Thursday, May 7, 2009

They’re Over!

Twenty Seventh Day of March in our Lord’s year 2008. You may be wondering why I am expressing myself as if I am writing history. Well, for only one reason it was a historic day for my fellow crusaders of the tenth standard who bid adieu to turmoil and embraced a new phase in their lives. The board exam is an excruciating yet significant event which comes with god’s grace twice in a student’s life. In the course of this article I will attempt to make you think again about our education set up and the board exams.

Recent reports compiled by a Washington based think tank said that Indian students are among the brightest in the world but the education system has terribly failed to harness this potential and convert it into economic gains. As the industrial era draws to a close a new world order has set in with knowledge at the helm of its economy. Education and knowledge will replace high production as a pre requisite for economic prosperity.

It is more relevant today than ever before to demand for the latest in education. Let me bolster my argument by giving an example- if you apply for a job with Infosys Technologies and if you’re lucky enough to get it you need to undergo another year of training before you can join the company. So this means what you learnt at engineering school is not enough.

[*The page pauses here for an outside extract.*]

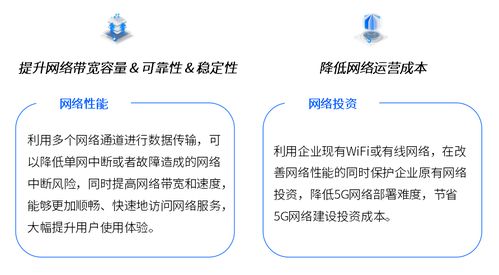 中國(guó)聯(lián)通發(fā)布5G場(chǎng)景化切片產(chǎn)品“多網(wǎng)通服務(wù)”，開(kāi)啟行業(yè)定制新篇章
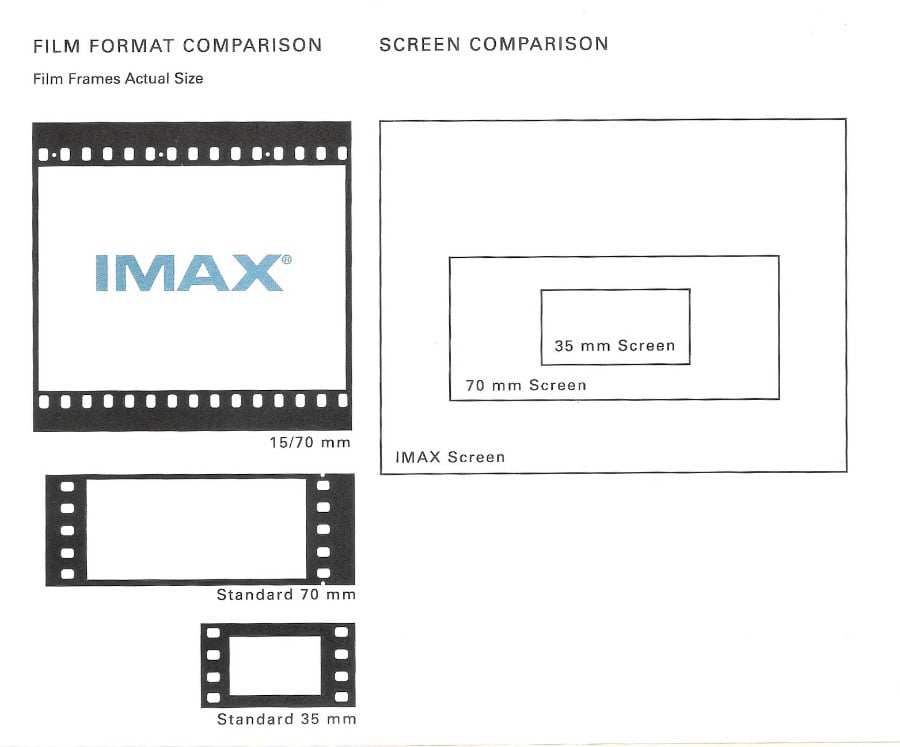相信大家對 IMAX 都不會太陌生，自 2007 年香港首間 IMAX 影院 UA Megabox 進駐以來，由《蝙蝠俠:黑夜之神》到最近《星際啟示錄》都出現過搶飛熱潮，預早一個月訂飛搵靚位是平常事。可以話多得 IMAX，令睇戲彷彿又變返一件盛事、一個重要的節目。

This implies that education institutes are not teaching what one needs when one enters industry. It is high time we demand a revamp of the education system in this country.

The only grudge I have against the Central Board of Secondary Education is that it thinks examination is the only method of evaluation. It’s almost suicidal to believe that examination is evaluation rather than examinations being a component of evaluation. The world over, educationists are moving away from examination centric systems. New procedures for holistic evaluation are being devised in practically every country. We have almost frozen in time as far as education in India is concerned. I am unwilling to believe that we do not posses the capability to innovate new methods of evaluation. The present system according to me should be locked up in a museum for the future generations to learn from the mistakes of their predecessors.

The buzz word these days as the case is every year when the Board exams are on is ‘stress’. I implore you to see the present scenario. On the basis of the three hours a student is given to manifest his or her abilities on paper, his or her whole life is decided. From the job he gets, the salary he shall receive to his standing in society is decided by just two examinations. And an examiner needs to spend just 14 minutes to pass an unchallengeable judgment on your intellectual capabilities.

Taking the average human life at 65 years one will spend 569400 hours on earth. Interestingly, 569370 hours of your life depends on the 30 hours you spend giving board exams. So 0.0052% of your life determines the nature of your entire life. Now, if you don’t get stressed in these circumstances then I think you will be revered in temples across the nation.

The Central Board of Secondary Education can give the CIA a run for its money when it comes to secrecy. There is no transparency in the manner in which answer sheets are evaluated. Whenever questioned over transparency the Board conveniently says that it is not practical for it to provide the transparency the victims of the horrors of the board demand. The Tamil Nadu education board provides photocopies of a candidate’s answer scripts on demand and on the payment of postal costs. After which a student can raise his or her grievances with the Board. This defeats the very excuse the CBSE is trying to give all of us over the issue of transparency.

In conclusion I would say the Board Examination is the largest form state sanctioned terrorism in the world even larger than what the al- Qaeda had unleashed with 9/11. The CBSE must be tried for Crimes Against Humanities in The Hague. Last but not the least we need to come together in order to arm twist our dear elected representatives to initiate change in this sphere.


  1. The Indian education system is desperately in need for change. We are still following standards and procedures that are almost as ancient as India itself. There is a widely felt need for change in methodology of teaching and our curriculum needs to be restructured to meet the needs of an emerging India. More importantly, the examinations need to be made transparent. It is a student's right to know where he has erred. Yet we are kept in the dark, with regard to our answer sheets. Lastly, students study so hard for their exams and see it as important. Yet more often than not, there is some or the other problem with the paper. This ranges from inane spelling mistakes to questions that were not supposed to be asked at all. If the student can be responsible then why can't the Board be too? The only way change can come, is through pushing for legislative reforms. We should all try and get our representatives to lend us an ear and make our voices heard – for the sake of future generations of students.

  2. I completely agree with you. It's pathetic to have to live the rest of your life on the 3 hours in which you might have aced or ruined a paper. Plus, it is impossible to evaluate a students potential by just seeing if he's written exactly as the books which you wrote in the first place. You're rubbing your views and sequence of events rather than giving a child a chance to express his views on the subject.